RYMHART Troyer Wollmützen von RYMHART

Rettungswesten zum Segeln

Rettungswesten sollten nicht nur für jedes Besatzungsmitglied an Bord sein, sondern auch getragen werden. Gerade erfahrene Segler meinen aber oft, keine Schwimmweste zu benötigen. Die Unfallstatistik besagt, dass das ein Irrtum ist. Immer wieder findet man eine leere Yacht auf See, deren Eigner alleine an Bord war und keine Rettungsweste trug. Er fiel über Bord und musste erleben, wie sein Segelboot ohne ihn davonschipperte. Wassertemperatur und Erschöpfung tun in solchen Fällen das Ihrige. Mit einer Rettungsweste und einer „Lifeline“ hätten solche Freizeitkapitäne sich retten können.

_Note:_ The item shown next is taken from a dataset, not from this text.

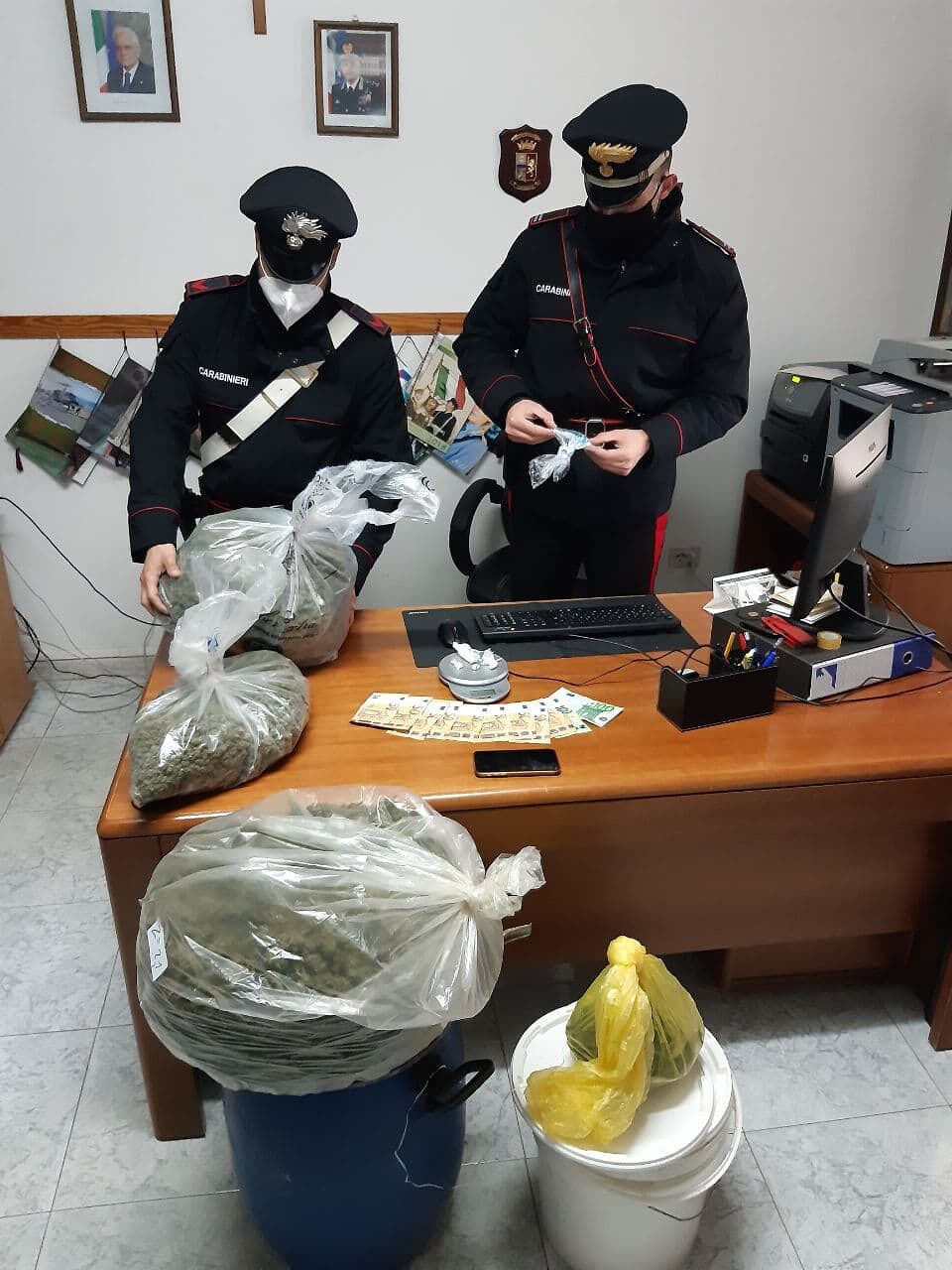 Sardegna, cinque chili di marijuana nel locale: in manette pizzaiolo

Was definiert eine Rettungsweste?

Die einfachsten Rettungs-Schwimmwesten bestanden früher aus Korkblöcken und waren sperrig. Heutige Modelle sind entweder Feststoff-Rettungswesten oder solche, die sich selbst aufblasen können. Die Feststoff-Weste besteht aus einer Weste, die mit schwimmfähigen Festkörpern gefüllt ist. Die Feststoffweste wird nach Körpergewicht angepasst und muss eine bestimmte Tragfähigkeit aufweisen. Der Kragen ist so konstruiert, dass er im Wasser auftreibt und den Kopf und Nackenbereich stützt. So kann der über Bord gegangene nicht ertrinken. Die Weste ist nur im Brustbereich mit Feststoff gefüttert, im Rückenbereich aber nicht. So erlaubt sie Beweglichkeit und ermöglicht im Wasser eine sichere Rückenlage. Die Farben Gelb oder Orange sorgen für schnelleres Auffinden. Der gute Sitz der Rettungsweste wird mit der richtigen Größe und festziehbaren Gurten sichergestellt. Hochseesegler wählen besser eine automatische Rettungsweste mit 275 Newton. Diese füllt sich dank eines automatischen Mechanismus selbständig mit Luft, sobald ein Wasserkontakt entsteht. Solche Rettungswesten müssen nicht unbedingt Signalfarben haben. Sie liegen meist u-förmig um den Hals und können auch über schwerer Wetterkleidung getragen werden. Weitere Unterscheidungsmerkmale für Rettungswesten sind verschiedene Hersteller, Sicherheitsklassen oder Materialien. Auch für Kinder und Bordhunde sind heutzutage passende Rettungswesten zu haben. Zusätzliche Features wie ein "Lifebelt" können eine Rettungsweste sicherer machen. Das wichtigste Merkmal einer Rettungsweste ist, das sie den Verunglückten sofort und selbsttätig in eine ohnmachts- und ertrinkungssichere Position bringt.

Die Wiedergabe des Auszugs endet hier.